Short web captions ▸
========

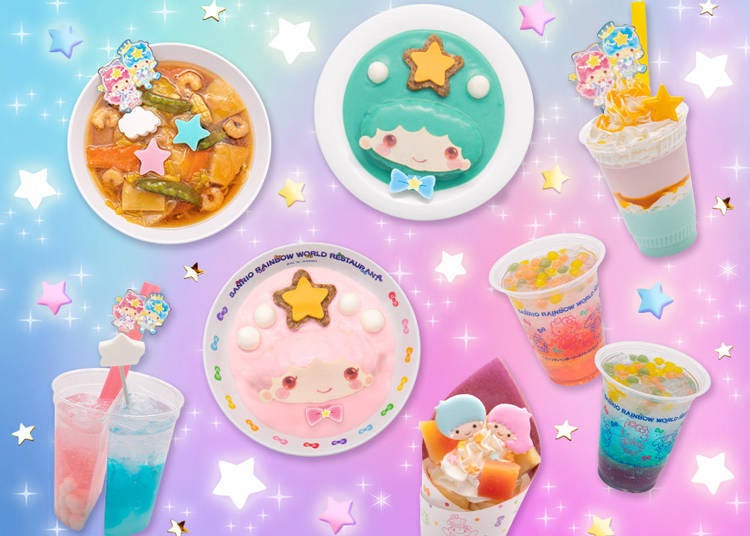 Kiki & Lara's fluffy bean paste Tianjin noodles (1300 yen), Kiki's star hamburger blue curry (1350 yen), Lara's star hamburger pink omelet (1350 yen), Kiki & Lara two tone drinking mousse (800 yen), Kiki's Blue Jules Soda (600 yen), Lara's Pink Jules Soda (600 yen), Kiki & Lara's Fruit Crepe (780 yen), Kiki & Lala's Twinkle Color Miracle Soda (750 yen). Each price has tax included.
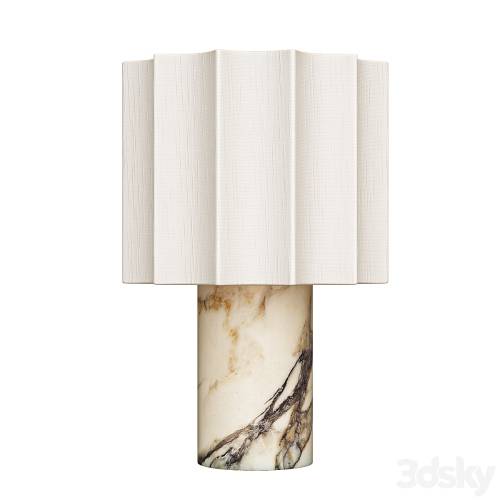 '3dsky Pro - Valli - Viola Calacatta marble and linen rechargeable table lamp'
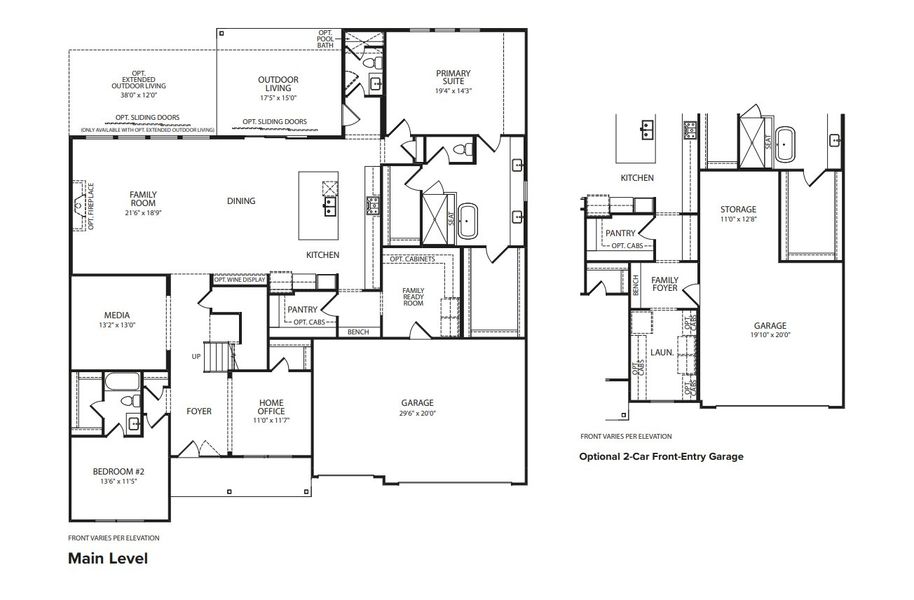2D floor plan layout for the Panorama by Drees Custom Homes in Silverleaf, Cedar Creek, TX (Image 3).
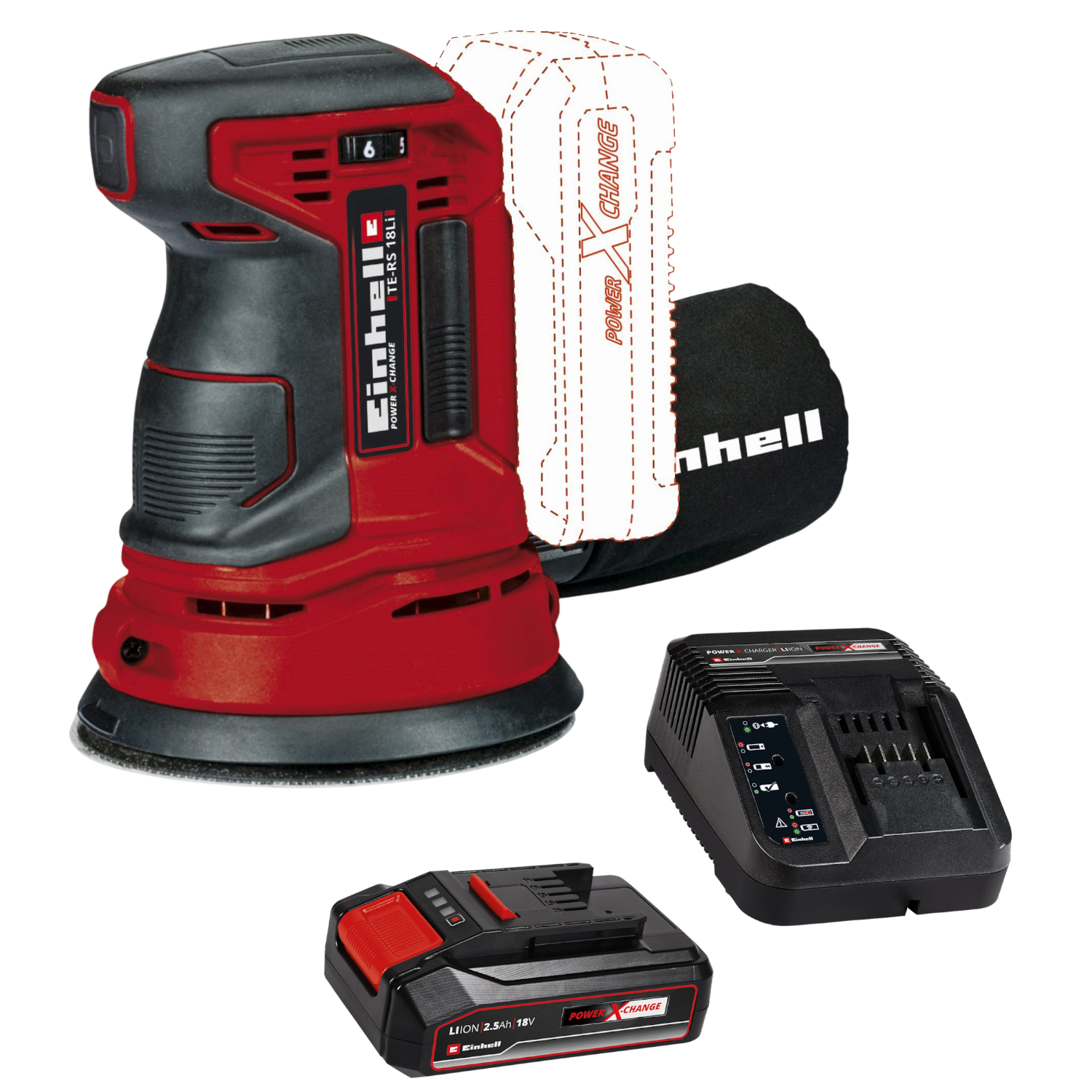 Einhell TE-RS 18 Li Excentersliber med 2,5Ah batteri og lader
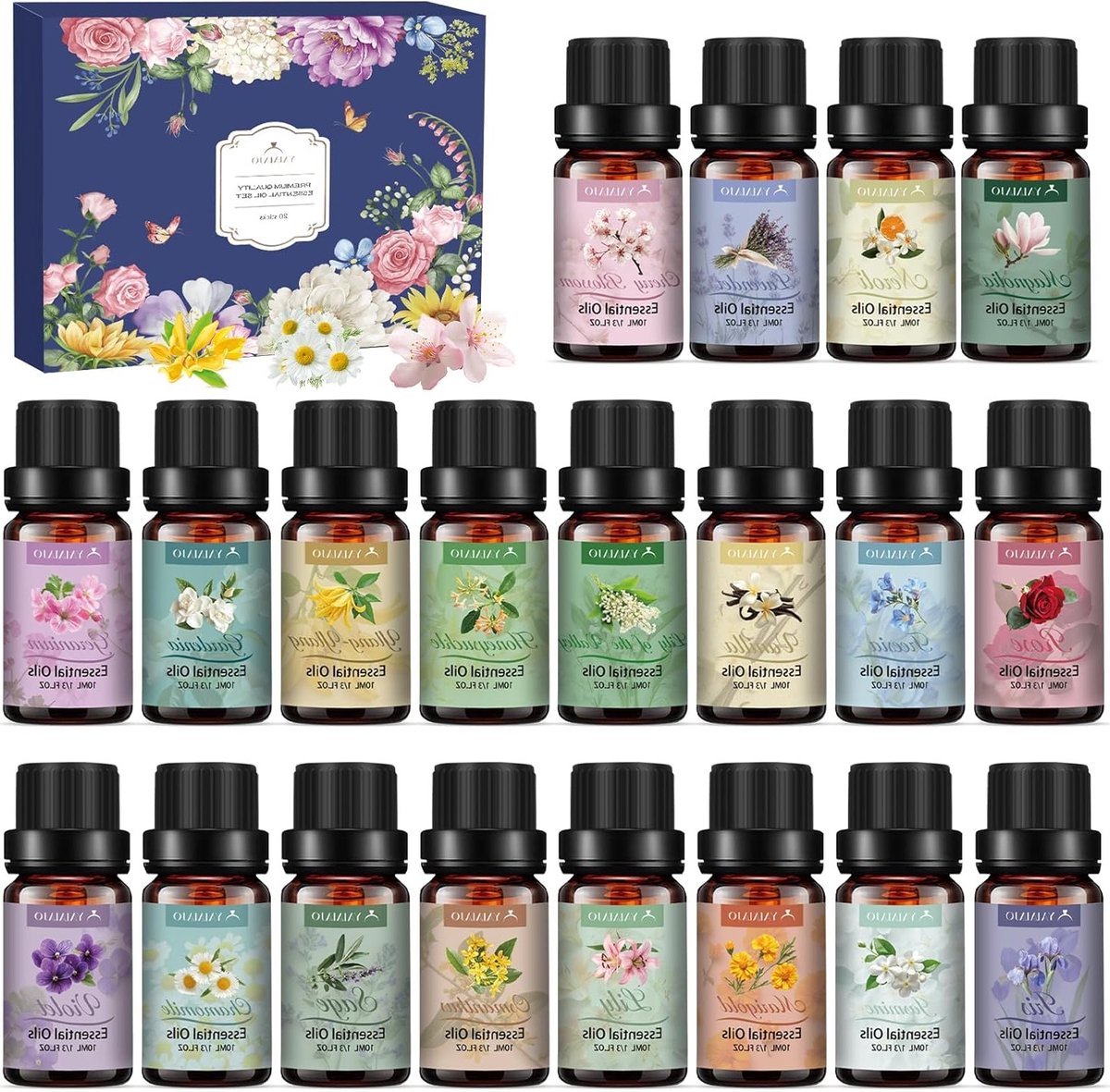 Set van 20 x 10 ml Essentiële Olie voor Diffuser en Aromatherapie, Pure Geuroliën voor Massage, Zeep en Geurkaarsen, Perfect als Cadeau voor Vrouwen, Kerst en Verjaardag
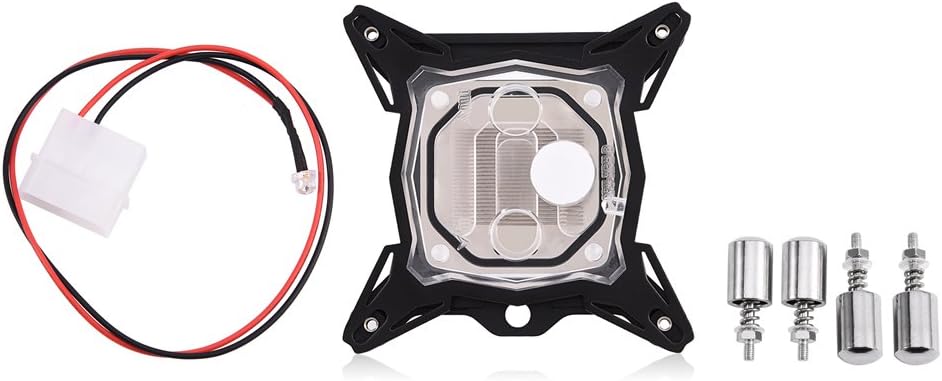 Richer-R CPU Water Cooling Block, Intel Compatible Red Copper Base, 4-Pin LED Light, Acrylic Material, default - Image 3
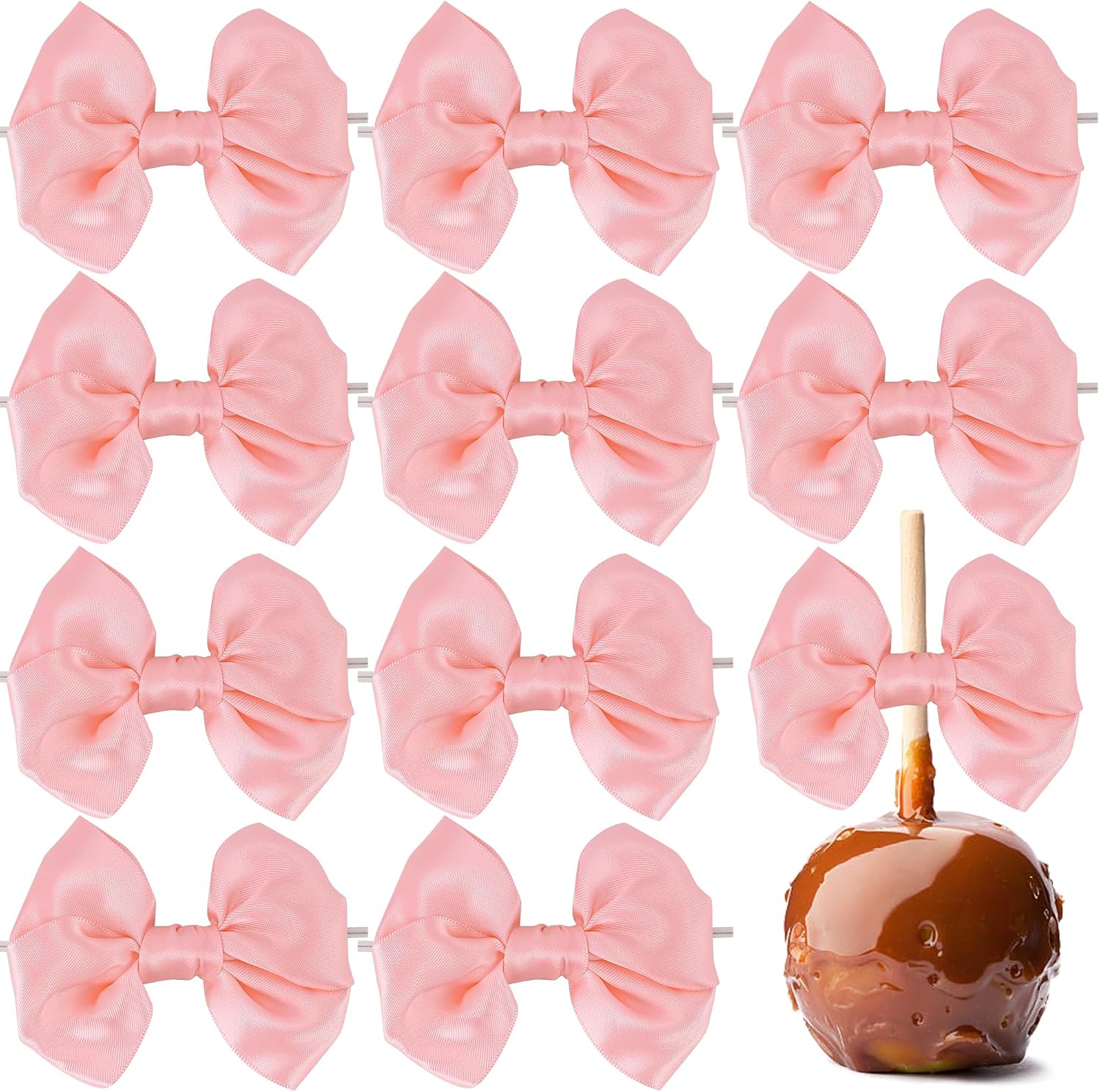 AIMUDI Pink Satin Ribbon Twist Tie Bows for Treat Bags 3.5" Baby Pink Bows for Crafts Small Pink Bows for Baby Shower Premade Bows for Cake Pops Candy Apple Wedding Favors Bridal Shower -24 Counts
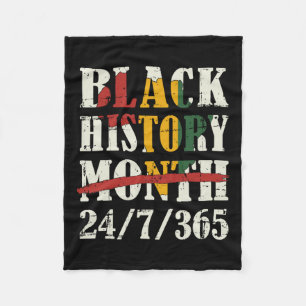 Black History Month 247365 With African Map Flag Fleece Blanket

========

WORK REQUEST ▸ Leave out the pictures and print every line of the data exactly.

SOLUTION TO THIS TASK ▸
 Kiki & Lara's fluffy bean paste Tianjin noodles (1300 yen), Kiki's star hamburger blue curry (1350 yen), Lara's star hamburger pink omelet (1350 yen), Kiki & Lara two tone drinking mousse (800 yen), Kiki's Blue Jules Soda (600 yen), Lara's Pink Jules Soda (600 yen), Kiki & Lara's Fruit Crepe (780 yen), Kiki & Lala's Twinkle Color Miracle Soda (750 yen). Each price has tax included.
 '3dsky Pro - Valli - Viola Calacatta marble and linen rechargeable table lamp'
2D floor plan layout for the Panorama by Drees Custom Homes in Silverleaf, Cedar Creek, TX (Image 3).
 Einhell TE-RS 18 Li Excentersliber med 2,5Ah batteri og lader
 Set van 20 x 10 ml Essentiële Olie voor Diffuser en Aromatherapie, Pure Geuroliën voor Massage, Zeep en Geurkaarsen, Perfect als Cadeau voor Vrouwen, Kerst en Verjaardag
 Richer-R CPU Water Cooling Block, Intel Compatible Red Copper Base, 4-Pin LED Light, Acrylic Material, default - Image 3
 AIMUDI Pink Satin Ribbon Twist Tie Bows for Treat Bags 3.5" Baby Pink Bows for Crafts Small Pink Bows for Baby Shower Premade Bows for Cake Pops Candy Apple Wedding Favors Bridal Shower -24 Counts
 Black History Month 247365 With African Map Flag Fleece Blanket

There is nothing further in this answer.